Republican Sens. John McCain and Jeff Flake of Arizona were expected to tour the border Wednesday with Democratic Sens. Chuck Schumer of New York and Michael Bennet of Colorado. They are all members of the so-called Gang of Eight - a bipartisan group that has spent recent weeks trying to craft proposed immigration legislation.
The trip comes as Congress is in recess and as the lawmakers wrap up a bill designed to secure the border and put 11 million illegal immigrants on a path to citizenship. President Barack Obama has urged Congress to pass immigration reform this year, and border security is critical to McCain and other Republicans who contend that some areas along the border are far from secure.
"I wish every member of the United States Senate and Congress could see the border," McCain told reporters in Phoenix on Monday. "Only when you can see the expanse, the difficulties and the challenges of the border, can you really appreciate the need for our border security."
With top Republicans and Democrats focused on the issue, immigration reform faces its best odds in years. The proposed legislation will likely put illegal immigrants on a 13-year path to citizenship and would install new criteria for border security, allow more high- and low-skilled workers to come to the U.S. and hold businesses to tougher standards on verifying their workers are in the country legally.

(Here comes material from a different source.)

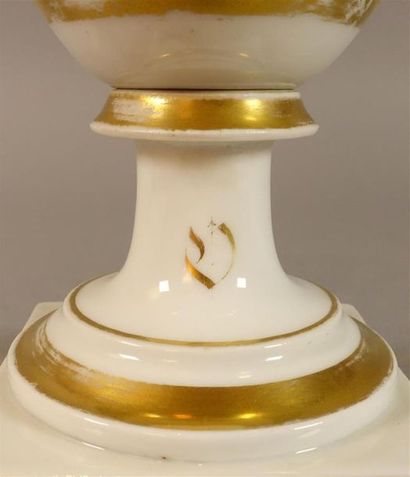 Coupe ronde évasée et ajourée sur piédouche,...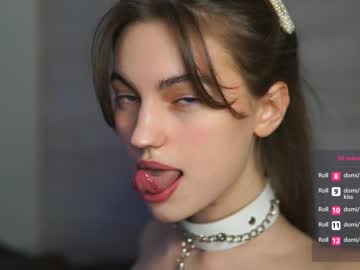 webcam girl hoolybunny today image #1130615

McCain sought to lower expectations for the bill Monday during a town hall in Phoenix. He told immigration activists they wouldn't be completely happy with the measure and warned that the group must overcome difficult disagreements.

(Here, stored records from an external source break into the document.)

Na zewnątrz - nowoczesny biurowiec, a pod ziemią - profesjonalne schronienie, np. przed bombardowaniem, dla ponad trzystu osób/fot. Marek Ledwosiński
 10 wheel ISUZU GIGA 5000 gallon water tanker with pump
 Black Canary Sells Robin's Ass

"We've made progress in a number of areas that I am encouraged by, but there are still areas that we are not in agreement," he said.
McCain said the lawmakers had reached an agreement on protections for young illegal immigrants brought to the country as children and on visas for workers, but declined to provide specifics.

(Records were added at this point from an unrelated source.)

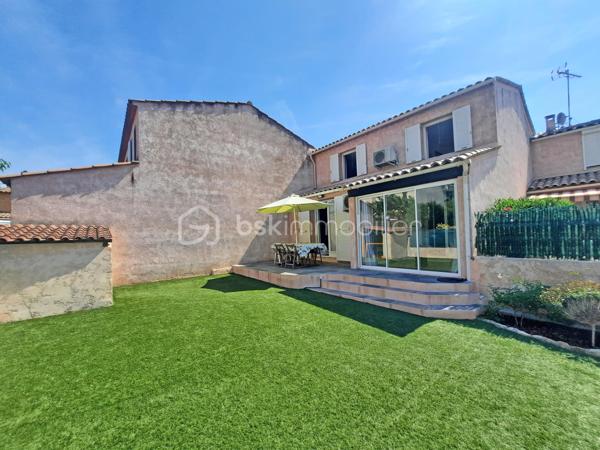 À vendre, villa COUP DE CŒUR à FAYENCE !

Située au calme et à 2 pas de toutes les commodités (boulangerie, supermarché, tabac, station essence, médecins, restaurants, écoles, crèche, grand parc, piscine, tennis…).
Venez poser vos valises dans cette charmante maison entièrement rénovée avec goût !

Au rez-de-chaussée vous profiterez d’ :
-	Une buanderie bien agencée avec fenêtre,
-	Un agréable séjour de 27m² climatisé, possédant une cuisine ouverte totalement équipée avec de nombreux rangements, 
-	Une véranda,
-	Un accès à une belle terrasse côté OUEST donnant sur un jardin de plus de 80 m² avec accès direct à la voirie du lotissement,
-	WC indépendant suspendu,
-	Un garage communiquant côté EST avec rideau motorisé

À l’étage cette habitation propose :
-	3 chambres avec climatisation (télécommande + connectée via téléphone)
-	1 salle d’eau avec bac douche extra-plat, fenêtre avec volet roulant électrique et wc suspendu.

Les + de la construction :
-	Toiture refaite + isolation en laine de roche projetée
-	Gouttières neuves,
-	Isolation phonique et thermique,
-	Plomberie et électricité refaites
-	Raccordement au tout à l’égout

Petite copropriété conviviale avec une quote-part annuelle de charges à seulement 80 €.
AUCUN TRAVAUX À PRÉVOIR, à visiter sans plus attendre !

Reports indicate that the U.S. Chamber of Commerce and the AFL-CIO, negotiating through the Gang of Eight senators, had reached significant agreement Friday on a new visa program to bring up to 200,000 lower-skilled workers a year to the country. The groups did not reach consensus on how much the workers would be paid.
The bill is expected to be lengthy and cover numerous issues, including limiting family-based immigration to put a greater emphasis on skills and employment ties instead.
The legislation was initially promised in March, but the lawmakers have since said they won't be done until at least April. Immigration proponents have said the group needs to introduce legislation soon, while some Republican lawmakers complain the process has moved too quickly.
If passed, the legislation could usher in the most sweeping changes in immigration law in nearly 30 years.